Aramaic grammar was well established for more than 1,000 years before Old Scratch came along the scene. We have examples of well-written Aramaic from imperial Assyrian days (850 BC)....and we have examples of well-written Aramaic after Old Scratch.

None of them read as bad as Old Scratch does.

Akhi - I'm not talking about grammar errors that are explainable by different dialects or something like that. I'm talking about grammar errors the like of which are made by someone who doesn't know the language that well.

I've seen these very same mistakes made by children in Sunday School - the same types of errors found in Old Scratch.

Do you know how GPs say that the Greek grammar of the NT is bad? Well, how do you suppose they know that the Greek grammar is bad? Well, they compare it to samples of Koine Greek from other sources at the same time, and they know that the Greek NT grammar is a monstrosity.

In the same way, an Aramaic speaker who reads Old Scratch thinks that a child wrote it.

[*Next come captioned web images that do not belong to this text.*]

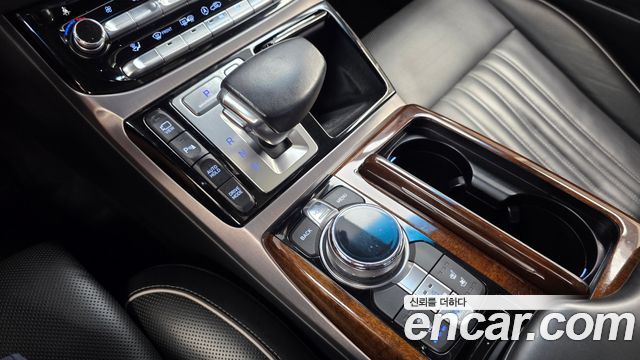 Genesis EQ900 2018 — photo 12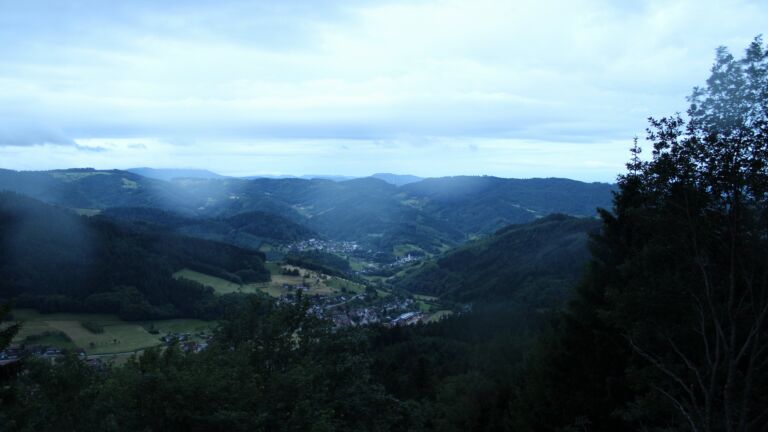 Dieses Bild zeigt eine Webcam-Aufnahme vom Achertal, aufgenommen am Freitag, den 05.06.2026 um 05:20 Uhr. Die Temperatur betrug 9°C.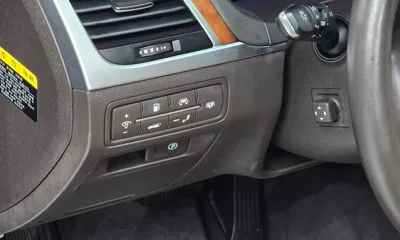 Hyundai Genesis 2016, 85782 км, за 10944.63 USD - фото 14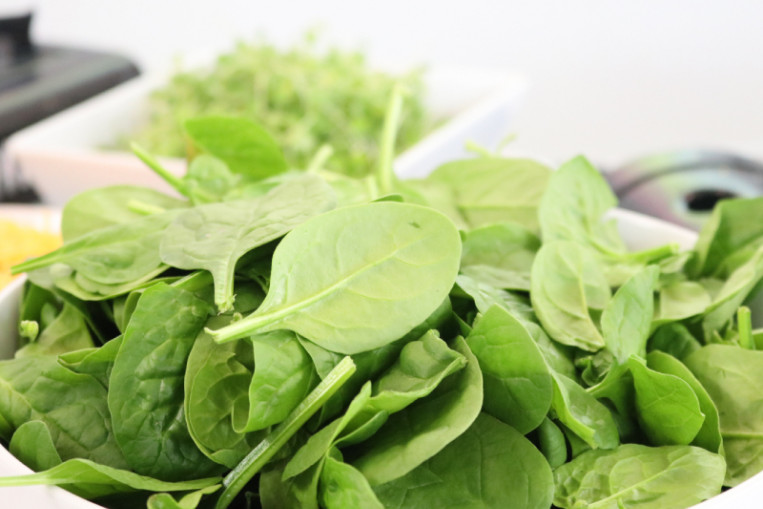 Immunity Enhancing Foods To Prevent Dengue Fever Lifestyle News Asiaone Papaya extract is rich in enzymes like papain and chymopapain, which aid digestion, prevent bloating and other digestive disorders.30ml of fresh papaya leaf juice helps in increasing the platelet count and, therefore, in the treatment of dengue.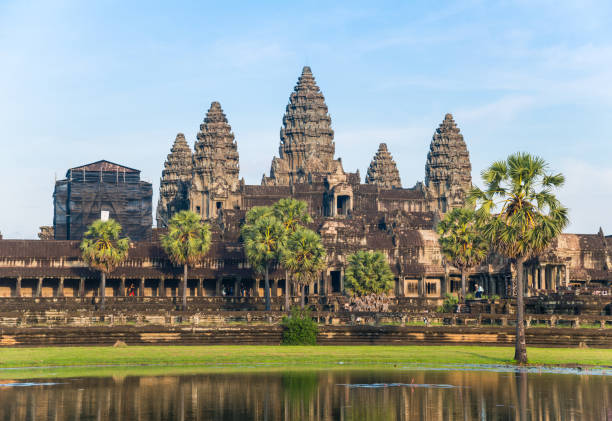 la vista del paisaje de angkor wat durante la puesta de sol en siem reap, camboya. - cambodia khmer architecture outdoors fotografías e imágenes de stock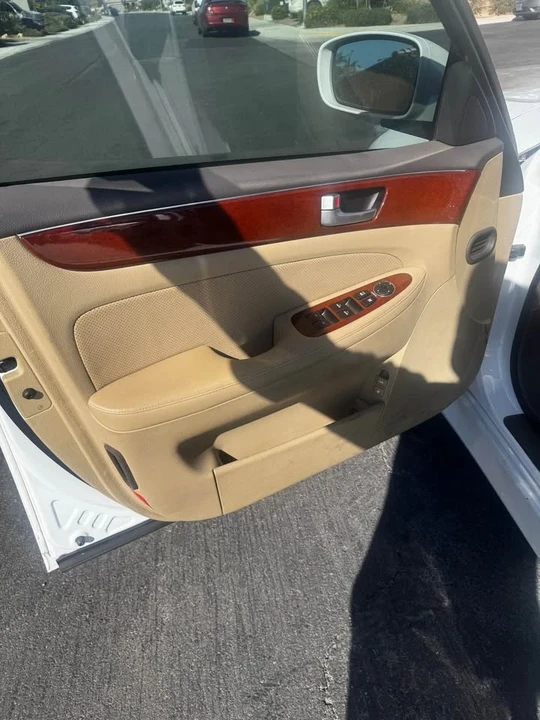 2014 Hyundai Genesis - Image 6 of 13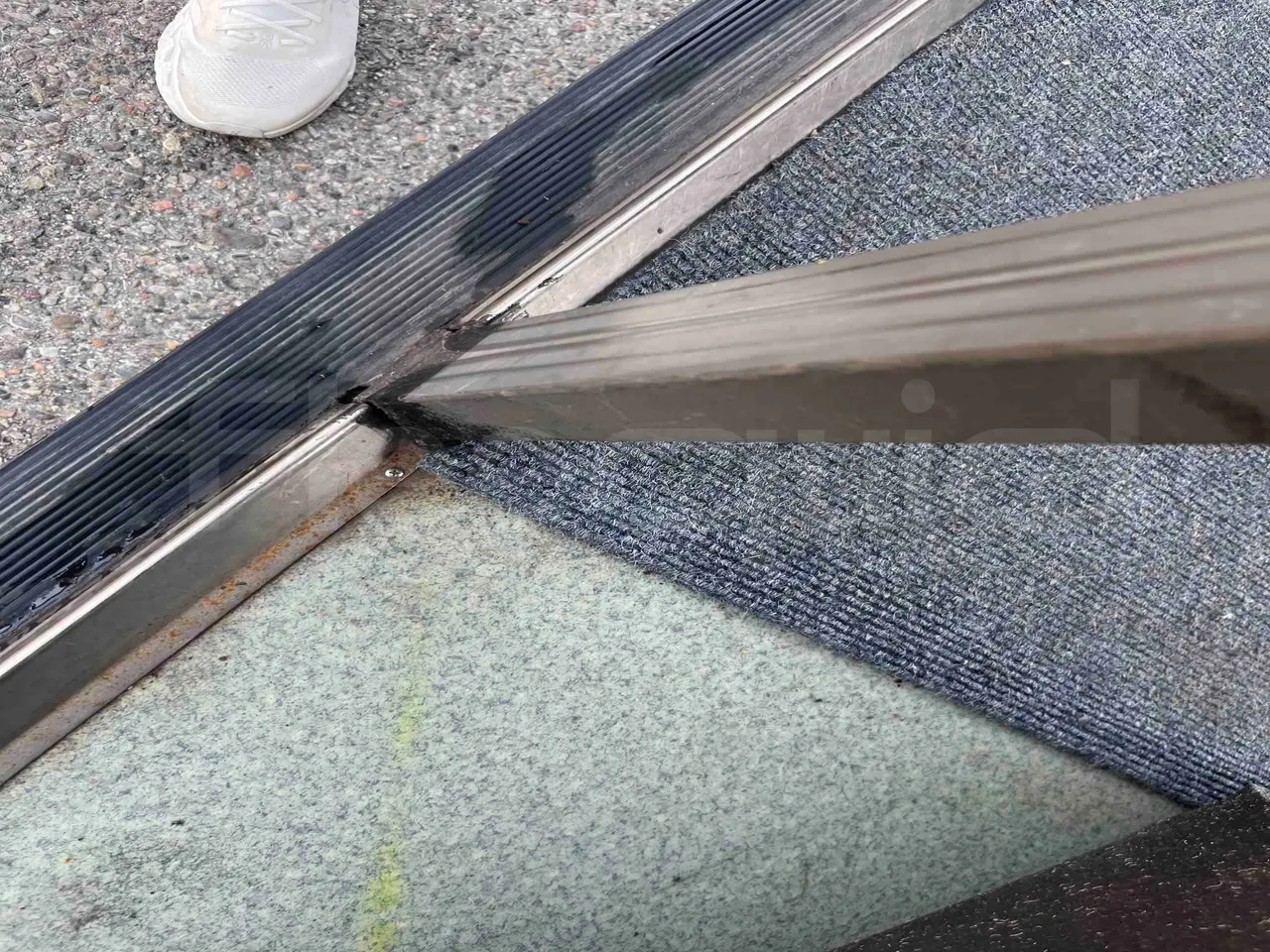 Volvo Barbi Genesis - under carpet photo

In contrast, the text of the Peshitta is the standard text in any university-level class for Syriac-Aramaic. In fact, why don't you pick up Thackston's grammar from amazon.com and see what text he uses to explain proper Aramaic grammar?

I'll give you a hint: Out of several sources he uses, not one reading is from Old Scratch. The Peshitta readings are the majority of his examples to teach people proper Grammar.